Pero la pregunta sigue en el aire: ¿qué distingue la ficción de la realidad? En lo real, el absurdo de la existencia está presente en todos los ámbitos: las desgracias y las alegrías ocurren sin una razón aparente, el continuo de nuestro paso por el mundo no siempre responde a una concatenación de causas y efectos. En la ficción, en cambio, los hechos se ordenan, se escogen aquellos que mejor sirven a los propósitos dramáticos, se estilizan personajes y situaciones y, sobre todo, se ordena la realidad para que tenga un sentido, para que todo hecho tenga un porqué.

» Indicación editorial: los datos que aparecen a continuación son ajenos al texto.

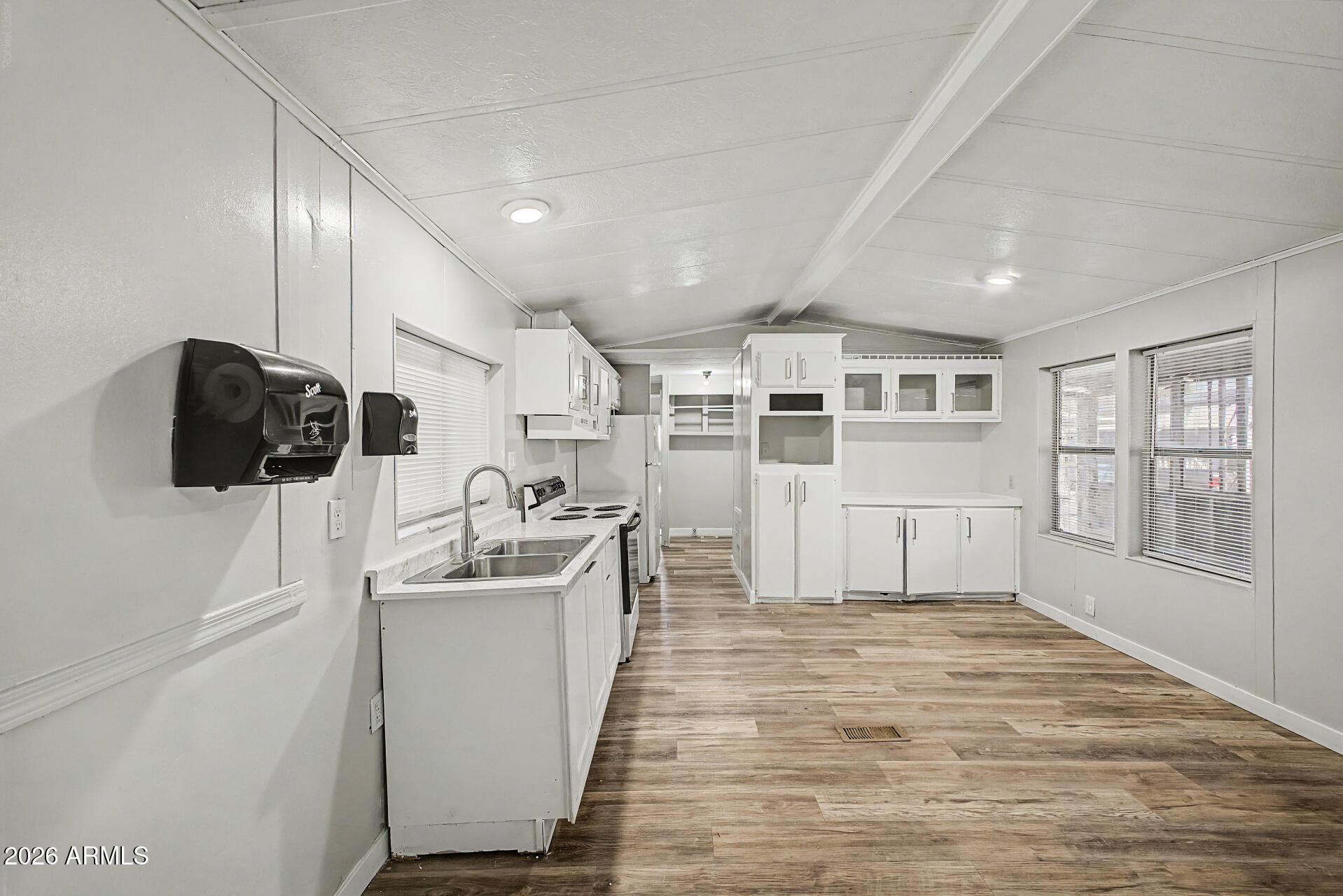 Paradise Groves Manufactured Home Park - Residential
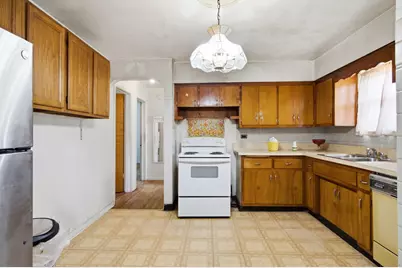 9911 S Lafayette Avenue, Chicago, IL 60628 - Photo 4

Aquí es donde nace el principio de verosimilitud que toda obra de ficción debe cumplir: el espectador debe creer que todos los hechos que aparecen en la obra ficcionada tienen coherencia dentro del universo que se representa. Da igual que los personajes sean superhéroes o que la acción ocurra en planetas ignotos. Si todo funciona dentro de una lógica, el pacto entre espectador y narración funcionará.
Pacto del espectador
En este sentido, también es importante la suspensión de credibilidad que todos los espectadores llevamos a cabo cada vez que vemos una obra de ficción. Es un pacto que comienza con el hecho de saber que lo que se proyecta no está ocurriendo en la realidad, que son actores y actrices representando un papel. Es un juego con el que volvemos a la infancia y en el que no solo permitimos, sino que deseamos que nos cuenten mentiras.

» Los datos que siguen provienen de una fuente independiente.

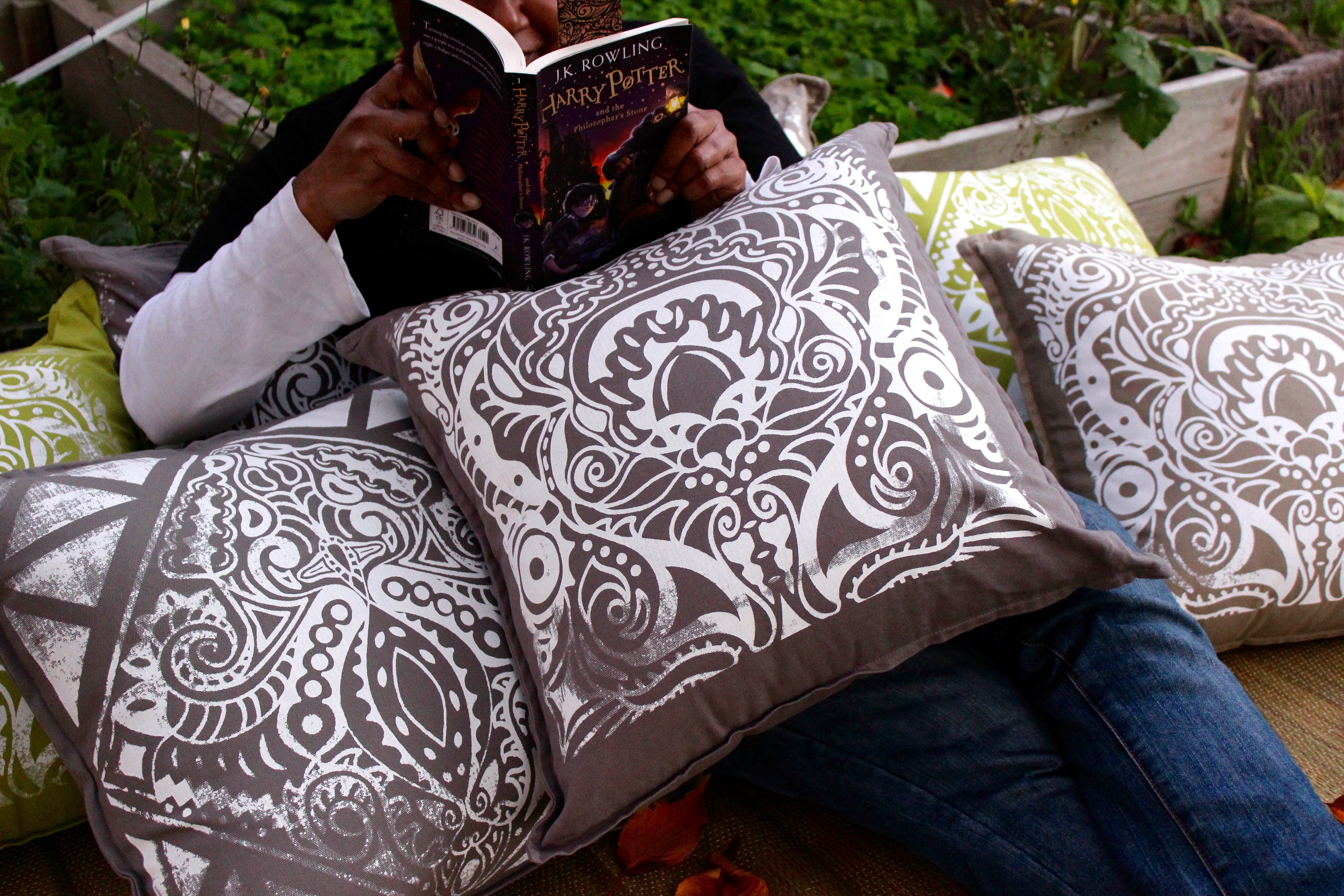Cushion - Patterned Bird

Porque de esto trata la ficción, de un artificio bien contado. La ficción no es conocimiento empírico, no es la ciencia que estudia lo real y aprehensible, es la interpretación de lo que nos rodea y para ello se sirve de metáforas, paradojas, alegorías y otras figuras retóricas. El resultado maravilloso es que la ficción, contando una mentira, consigue representar la naturaleza del ser humano y de nuestro mundo, consigue aportar orden al caos mejor que cualquier estudio científico.
Así pues, da igual que Lord Mounbatten escribiera o no aquella carta o que Camilla Parker Bowles y Diana Spencer realmente se encontraran en aquel restaurante. Peter Morgan, showrunner de la serie, ha creado una ficción absolutamente verosímil, aunque no necesariamente veraz y esto lo único que el espectador pide: que en ese rato ante una pantalla ocurra el milagro y todo lo humano adquiera sentido, que le dejen disfrutar y jugar y que no venga aguafiestas alguno y le recuerde lo que de sobra ya sabe: que todo es una gran farsa.